Pumpkin spice latte e cambiamento climatico
Il cibo è vita. È anche morte. In America è normale servire un buffet dopo un funerale, a Sud in alcune zone dopo un lutto si riceve il “consolo”, cibo offerto da amici e famigliari. Purtroppo i funerali sono sempre stati più dei matrimoni e con i morti c’era una relazione molto più stretta e “normale”. Alla fine Halloween, zucche e caramelle, sono solo l’ultima versione dei culti dei morti che si sono susseguiti, e hanno sedimentato Pan dei Morti, Ossa dei Morti, Pan de muertos, torte di zucca… Tutti i sapori dolci e speziati che accomunano mezzo mondo e che ritroviamo puntuale come un orologio sin da settembre in tutti gli Starbucks: il pumpkin space latte. Solo che da un paio d’anni a questa parte da caldo è diventato freddo, anzi ghiacciato.

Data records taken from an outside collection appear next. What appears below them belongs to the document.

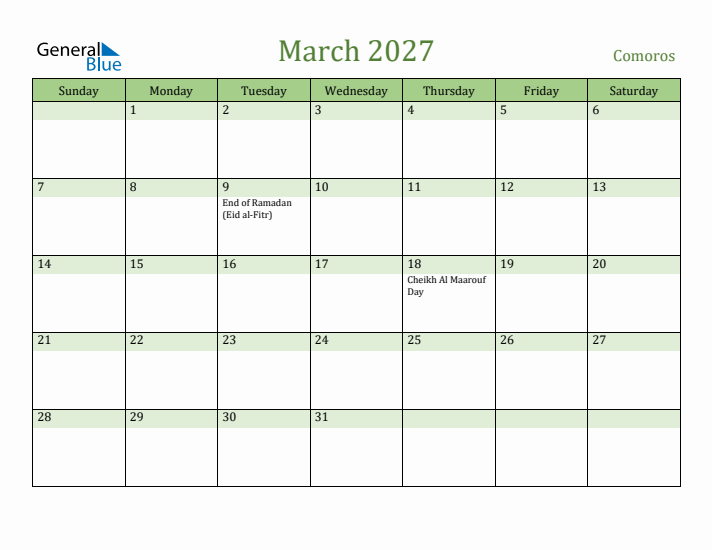 March 2027 Calendar with Comoros Holidays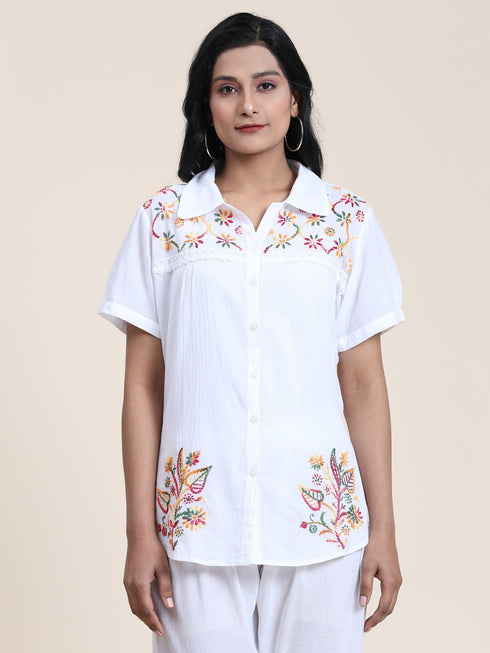 Hand embroidery Chikankari tunic-White With Multi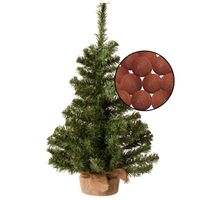 Mini kerstboom groen met verlichting - in jute zak - H60 cm - terracotta - Kunstkerstboom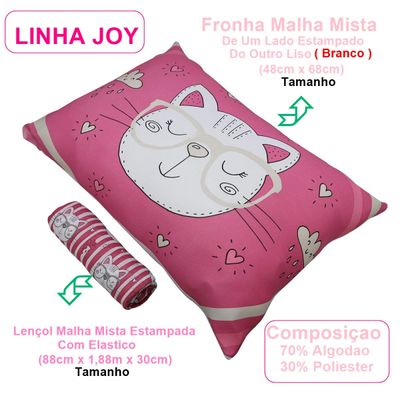Jogo de Cama Portallar Solteiro Malha Mista Joy Gatinhos 2 peças Pink
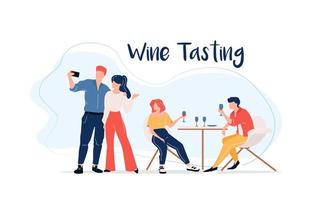 Wine tasting group vector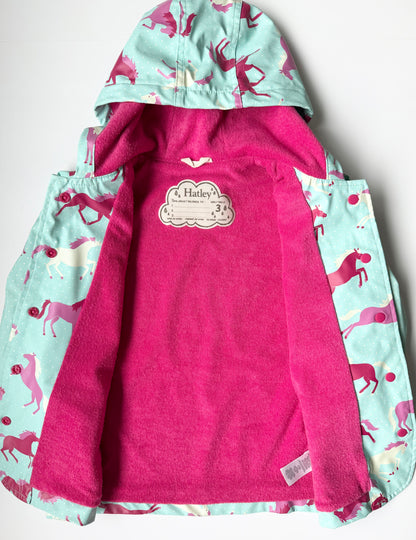 Hatley Blue & Pink Unicorns Rain Jacket (3T)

In una interessante mostra Everybody talks about the the weather alla Fondazione Prada di Venezia ho ripercorso l’influenza sul clima sulle espressioni artistiche e culturali della contemporaneità. Dipinti di canali gelati, pattinatori, mari in tempesta, romanzi come Dracula e Frankenstein sono stati scritti tutti durante la Piccola Era Glaciale (14°-19° secolo), anzi entrambi nell’Anno senza estate (1816). Un periodo storico così infausto da punto di vista climatico da aver fatto scaturire pestilenze, carestie, la caccia alle streghe, crimini violenti e fenomeni sociali dovuti alla ricerca di un capro espiatorio e al bisogno di sfogare la propria rabbia. Il clima è anche alla base del mood pessimismo e fastidio tipico del Romanticismo, in cui il genere horror l’ha fatto da padrone. Mi chiedo come queste estati senza fine questi anni senza inverni avranno esiti incredibili anche nel modo in cui rappresentiamo la nostra esistenza e in quello che resterà agli annali. Marco Ambrosino recentemente ad un incontro ha detto che probabilmente leggendo gli articoli di quest’ultimo anno penseranno che “mangiavano toast ripieni di pasta in bianco cotti alla brace”. Ho riso tantissimo, a denti stretti. Però è vero, la possibilità di mangiare zucchine e pomodori anche in inverno ha già cambiato le nostre diete, le verze non gelano più bene per fare la cassouela (come vuole tradizione), beviamo molto meno vino rosso etc etc. Altro che menu autunnali in ritardo nei ristoranti stellati e crisi dei campi di zucche in cui farsi i selfie.
Epitaffi da Osho
Oramai ha fatto il giro del web ma la storia della donna in Alaska che passeggiando fra le tombe ha scoperto che la gente ci scriveva sopra le ricette, è sempre divertente. In realtà sulle tombe ci scrivono i propri hobby e quello che li ha caratterizzati di più. Cercando online ne ho trovati di migliori comunque delle ricette. Filosofi e politici hanno lapidi bellissime che mi viene voglia di pensare a cosa vorrei scriverci io.
Mai nato, mai morto. Ha solo visitato il pianeta terra tra l’11 dicembre 1931 e il 19 gennaio 1990. Osho
Non so che cosa scriverebbe lui, l’uomo che cucina nei bagni, degli hotel. Attenzione agli stomaci deboli, a me fa vomitare anche se non c’è nulla di così mostruoso. Ma a volte la realtà supera la fantasia.
Film a tema horror gastronomico
Sweeney Todd: il barbiere di Fleet Street. Aspettate il momento in cui lei canta waste! waste!